**What is being asked**
Write out the entries below exactly, but only from the line containing "Tsubu animal sticker #5897603" through the line containing "Сетевой коммутатор TP-LINK", and without the pictures.
══ Material for this task ══
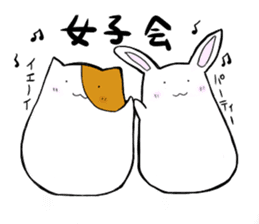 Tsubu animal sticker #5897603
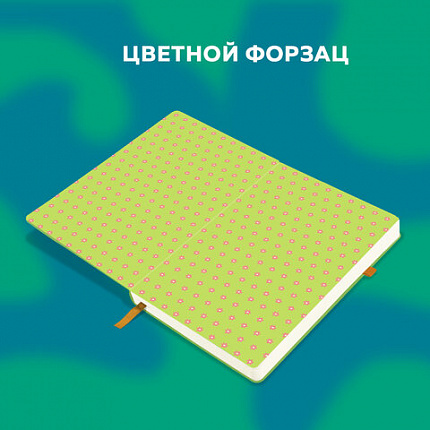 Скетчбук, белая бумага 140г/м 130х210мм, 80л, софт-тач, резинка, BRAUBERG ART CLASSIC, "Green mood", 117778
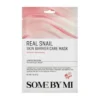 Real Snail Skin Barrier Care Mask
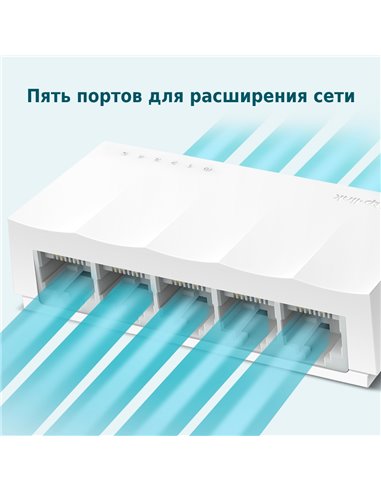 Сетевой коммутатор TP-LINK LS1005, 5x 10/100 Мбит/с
═══
══ Material for this task ══
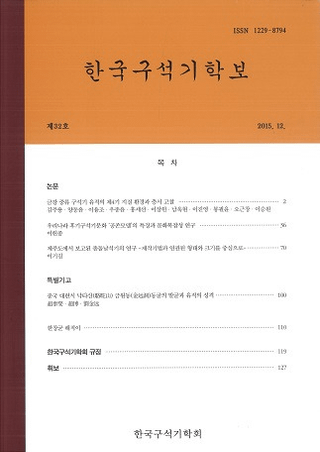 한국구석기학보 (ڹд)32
═══
**Problem solution**
 Tsubu animal sticker #5897603
 Скетчбук, белая бумага 140г/м 130х210мм, 80л, софт-тач, резинка, BRAUBERG ART CLASSIC, "Green mood", 117778
 Real Snail Skin Barrier Care Mask
 Сетевой коммутатор TP-LINK LS1005, 5x 10/100 Мбит/с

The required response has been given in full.